Give the lines again exactly as they appear below, from the line with "Fototapeta na wymiar" to the line with "Un baño moderno", both included, and only those lines. Leave every picture out.

DATASET EXTRACT START

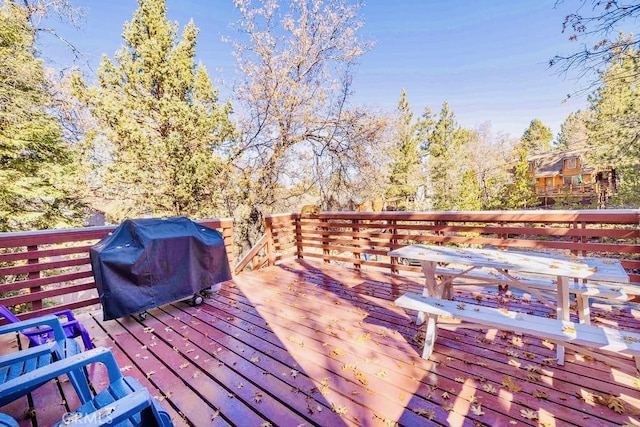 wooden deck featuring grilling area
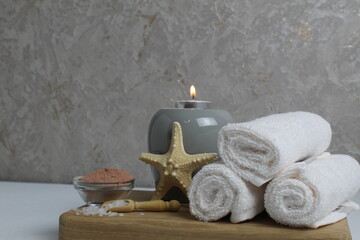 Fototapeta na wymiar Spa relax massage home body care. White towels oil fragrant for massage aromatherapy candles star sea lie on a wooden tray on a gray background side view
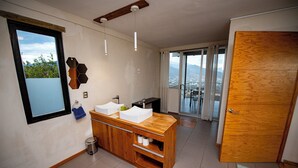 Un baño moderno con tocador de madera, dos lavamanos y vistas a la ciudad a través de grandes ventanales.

DATASET EXTRACT END
DATASET EXTRACT START

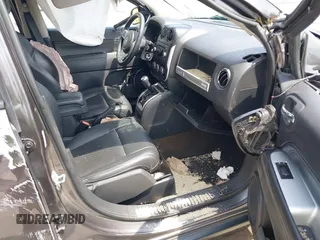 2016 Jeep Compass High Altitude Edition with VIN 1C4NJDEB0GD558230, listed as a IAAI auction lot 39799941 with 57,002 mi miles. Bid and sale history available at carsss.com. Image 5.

DATASET EXTRACT END

EXERCISE SOLUTION:
 Fototapeta na wymiar Spa relax massage home body care. White towels oil fragrant for massage aromatherapy candles star sea lie on a wooden tray on a gray background side view
 Un baño moderno con tocador de madera, dos lavamanos y vistas a la ciudad a través de grandes ventanales.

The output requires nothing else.